Wednesday, December 12, 2012
There was a little package on the porch floor……from Ten Thousand Villages. Do you know that place? It’s a fair trade company that sells hand made items from artisans in developing countries. I visited a retail store in PA four years ago, but they have them all over the country. I love that place! It has such interesting stuff!
Now who could be sending me an early Christmas present from one of my favorite stores? Hmmmmmm…..the mystery was part of the present. I didn’t open the package right away. I wanted to savor the not-knowing. I let at least 30 seconds pass before I slit it open. There was a little box enclosed and of course the invoice which revealed the name of the sender.
I lifted the flaps of the box and found bright red tissue paper resting on my surprise like cardinal wings on a sacred nest. I waited….. waited …. I found my phone and took a picture. I imagined, I envisioned, I thought about how this was the last few moments in history I would not know what eggs lay under those feathers.
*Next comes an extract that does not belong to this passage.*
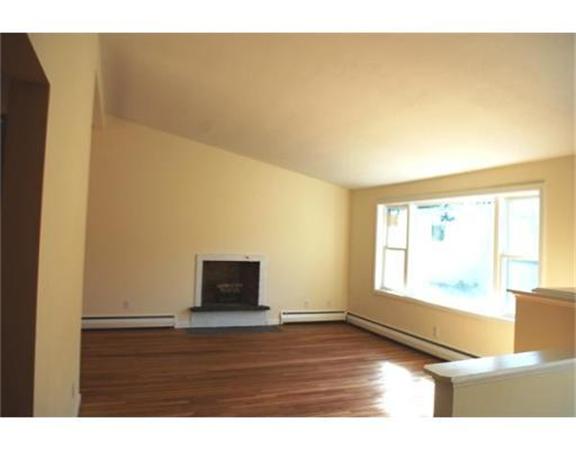 3 Peterson Road Natick, MA 01760 - Photo 8 of 19 a view of an empty room and wooden floor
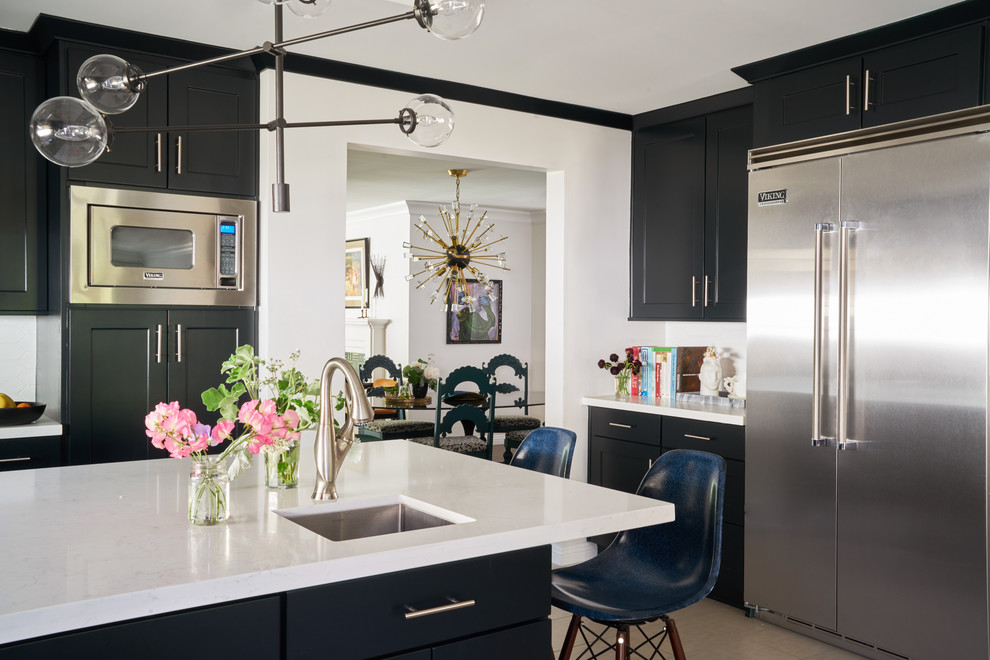 Photo of a mid-sized midcentury open plan kitchen in Charlotte with an undermount sink, shaker cabinets, black cabinets, quartz benchtops, white splashback, stainless steel appliances, porcelain floors, with island, white benchtop and beige floor.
I would never have this experience again…about this one gift……this one suspenseful, beautifully agonizing point of time (btw, I have time for thinking like this. You don’t…if you’re married, have children, or work for a living, but you should think like this anyway).
I stared at it a while longer til I couldn’t stand it, then slowly lifted the paper. First one wing, pause….. then the other. A gift….delicate….non-pretentious….personal. Nothing could have been more perfect at that moment.
Christmas is making me introspective and more emotional than usual. And so is the waiting on news about my mother-in-law in Iowa. Any day now, the doctor says. Her box has been opened and her trembling fingers have grasped the red paper. I know that even in her sorrow, she’s feeling anticipation and maybe even exhilaration to be leaving behind the mundane and familiar, and setting out for glory; peeling back the last few layers, seeing the blessed hope take shape through the haze. Wow! Every other experience in life must pale in comparison (except maybe childbirth which is the mirror image).
We grieve our loss as she takes hold of the prize. She knows the Giver and she is about to realize the Gift.